What you should do: Please leave out pictures and print exactly the lines from the one that has "Procedimento de prateleira" through the last line of the material below.

Supplied information:
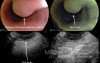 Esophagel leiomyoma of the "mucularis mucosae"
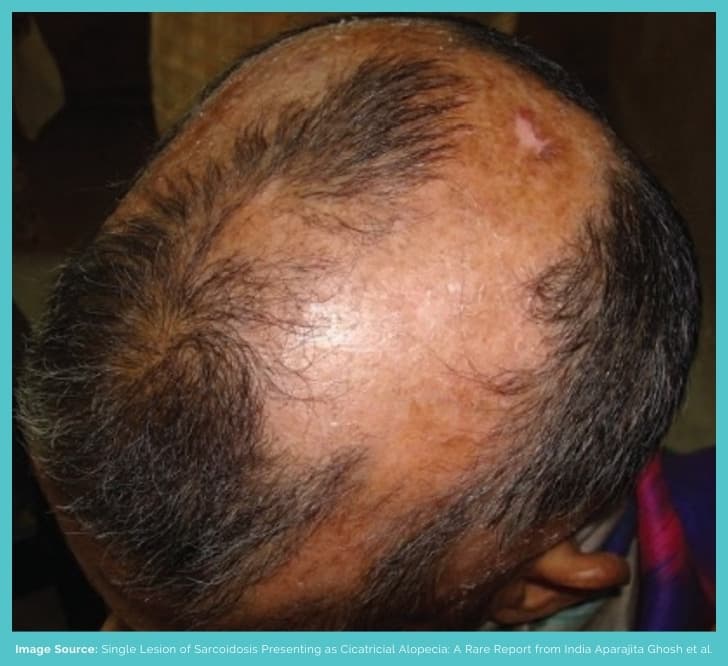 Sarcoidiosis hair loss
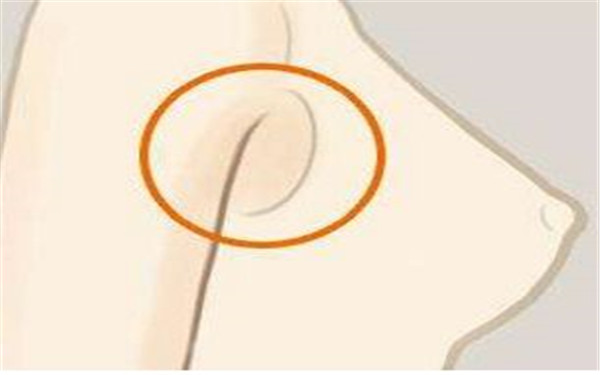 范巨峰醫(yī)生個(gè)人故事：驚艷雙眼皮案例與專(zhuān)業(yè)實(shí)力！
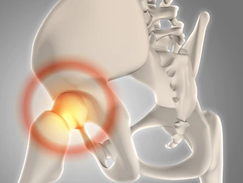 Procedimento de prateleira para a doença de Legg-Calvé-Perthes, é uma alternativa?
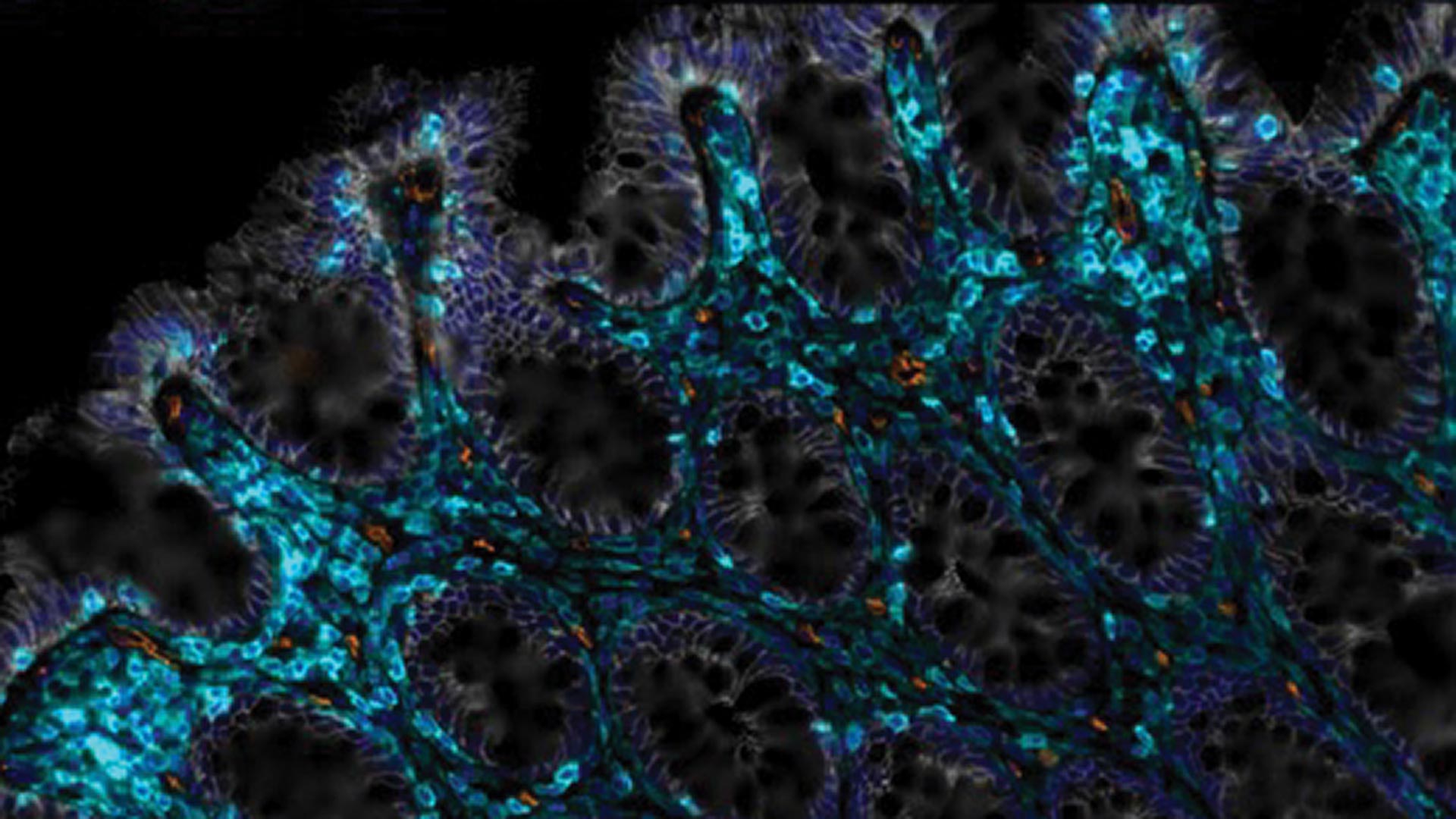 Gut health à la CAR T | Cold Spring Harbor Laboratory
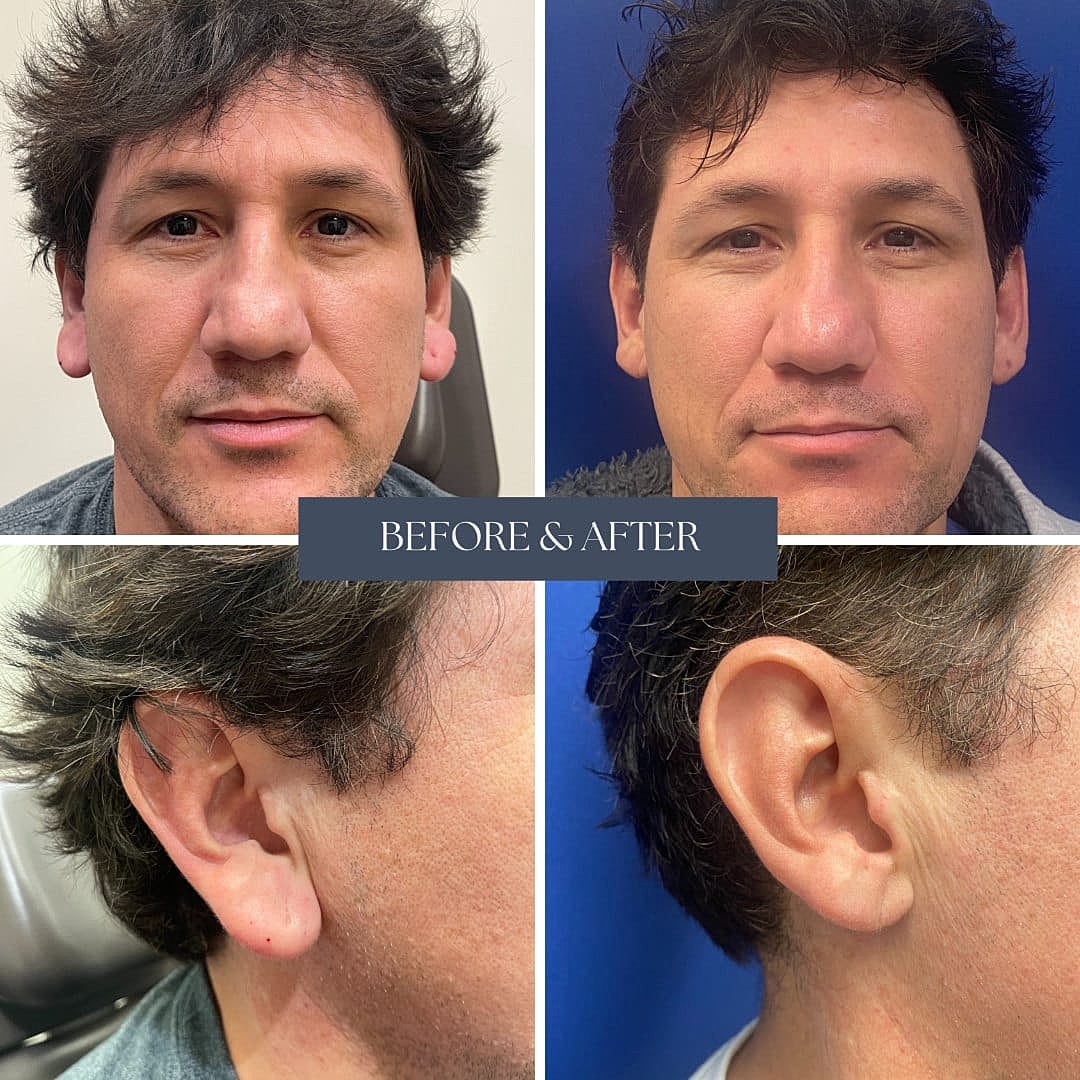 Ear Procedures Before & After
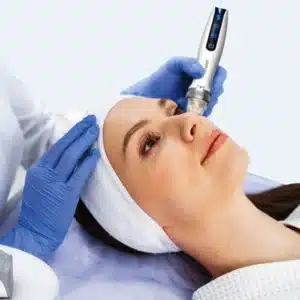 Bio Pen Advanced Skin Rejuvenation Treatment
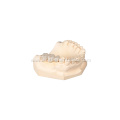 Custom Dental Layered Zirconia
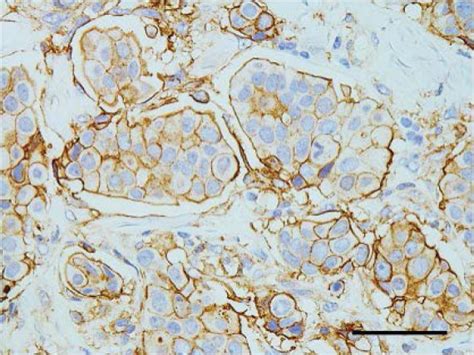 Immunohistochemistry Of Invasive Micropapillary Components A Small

Result:
 Procedimento de prateleira para a doença de Legg-Calvé-Perthes, é uma alternativa?
 Gut health à la CAR T | Cold Spring Harbor Laboratory
 Ear Procedures Before & After
 Bio Pen Advanced Skin Rejuvenation Treatment
 Custom Dental Layered Zirconia
 Immunohistochemistry Of Invasive Micropapillary Components A Small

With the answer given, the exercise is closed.